Perish gave a playful shrug. “I already sent him a message through my beeper… he’ll actually be here rather soon. After I make that fibernetic wire for you.” So, that’s what it was called? “I’ll be celebrating with that piece of ass.”
Mantis wasn’t that hard on the eyes, but hearing him described as a piece of ass was quite disconcerting.
But who was I to judge? I’d let Perish have his happiness.
“What’s happening with that mystery of yours?” Perish asked. He leaned back on his chair and began drumming the tips of his fingers together. “I know all about it, the foundation anyway, what new developments do you have?”
At first I soured at him bringing it up, but then felt a strange pull to tell him what was on my mind. Perhaps it was the effect of just being with someone I’d known for so long. Both old Perish, and the new one.
I found myself slipping a hand down my pant’s pocket, and I felt the two bullets I was now in possession of. One that had killed Finn, and one that had almost killed me. I believe I may carry those bullets around for a while. “I hope to have answers soon,” I admitted, my tone subdued. “Silas… Silas promised me help.”
Perish made a face, one that had his mouth pursing to the side and his eyebrows raising. “The conviction in your tone confuses me,” he said. He began digging around his pocket, for what I didn’t know, but he was depositing the contents on the table we were sitting around. “You seem almost hopeful that he’ll actually help.”
I watched him, my finger beginning to peel the label off of the beer bottle. “He’s been different lately…” I said. “I think Silas does honestly want to help me find out who did it.”
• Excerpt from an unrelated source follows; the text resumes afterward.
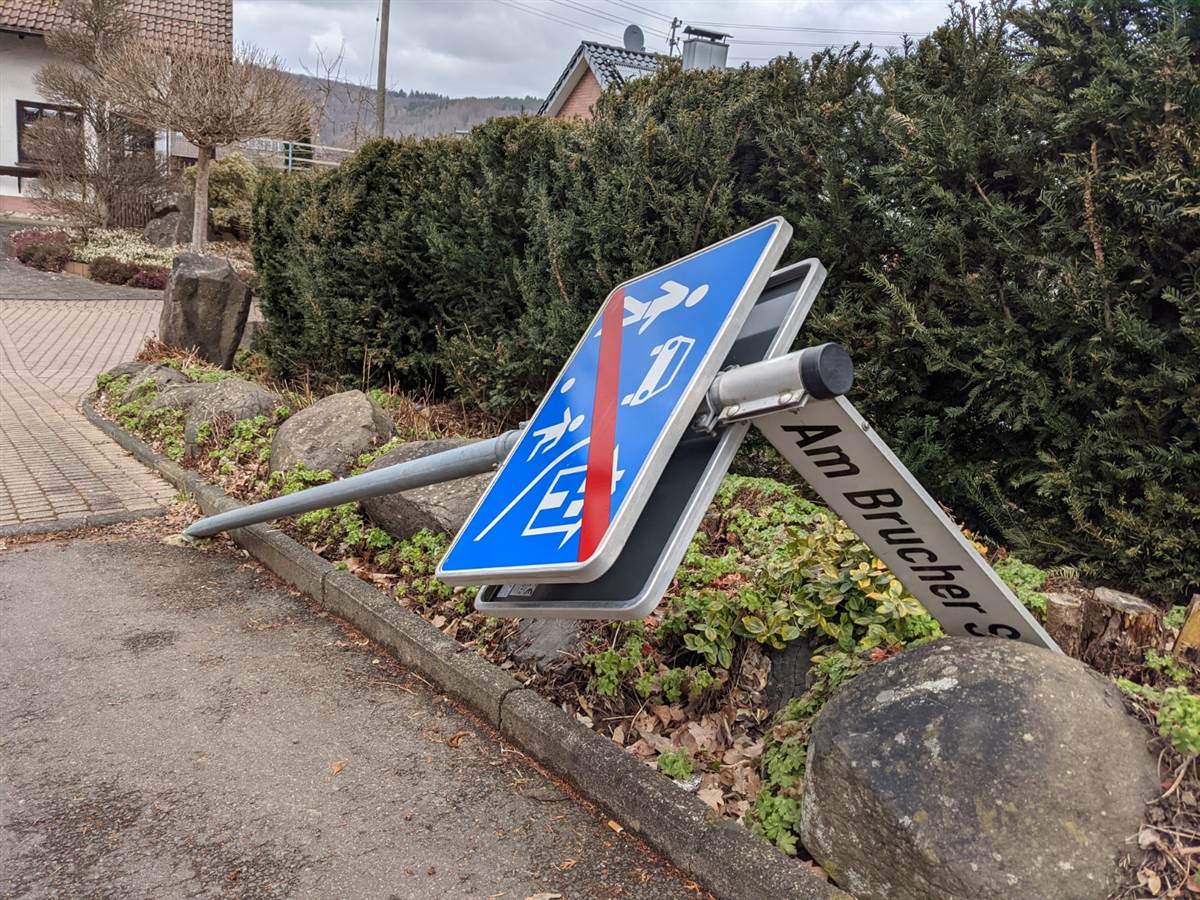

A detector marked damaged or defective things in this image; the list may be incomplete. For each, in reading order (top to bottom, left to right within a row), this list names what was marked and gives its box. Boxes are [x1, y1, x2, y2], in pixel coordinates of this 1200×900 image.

bent metal pole [185, 428, 524, 536]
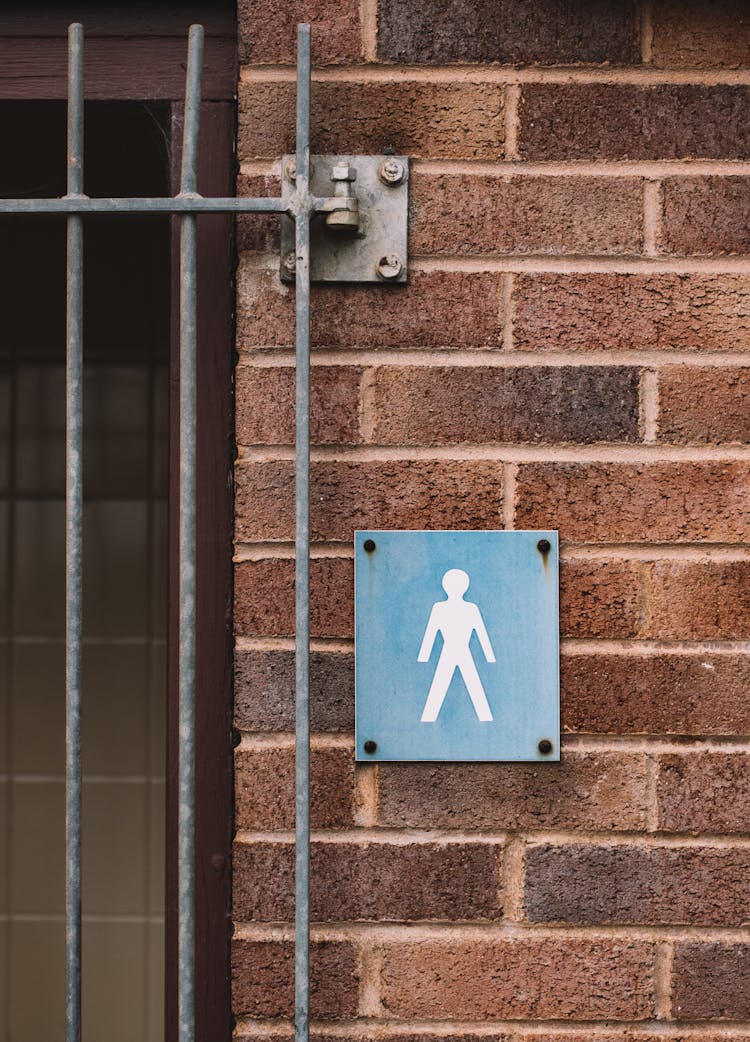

My words changed Perish’s expression as if I had uttered a shapeshifting spell. “He’s been different lately…” he repeated back slowly. “I think Silas does honestly want to help me…” His eyes flickered up, such a light blue the seemed like two jagged slabs of ice. “When you say that back to yourself… does that sound like something that fits Silas’s personality?”
I chuckled, the laugh so dry it was full of static. “I know,” I admitted. “But since it was an incident that involved me being shot… I have hopes he wants to figure out the culprit just as much as I do.”
“Yes,” Perish said. He put a small Ziploc bag in the middle of his pile of pocket trash, right beside a receipt and his miniature screw driver. I realized it was the one that had the strange substance in it, the substance that made me drool and pass out. “You were shot and your sengil was murdered. If my old memories serve correct… it was a Skyland Rebel who did it?”
I shook my head, my thumb continuing to pick off the blue beer label. “I think there’s more to it than that,” I admitted. I wasn’t going to go into detail, even though I enjoyed this Perish, I wasn’t stupid. “I have a suspicion that Vlad, the man who murdered Finn, was hired, or possibly set up. I’m not sure.” A long strip of paper came off of the label and began rolling it up with my finger and thumb. “I want to look at the evidence. My brother and my sister have been avoiding me, but Silas promised me that if I took three days off, he’ll bring me the evidence.”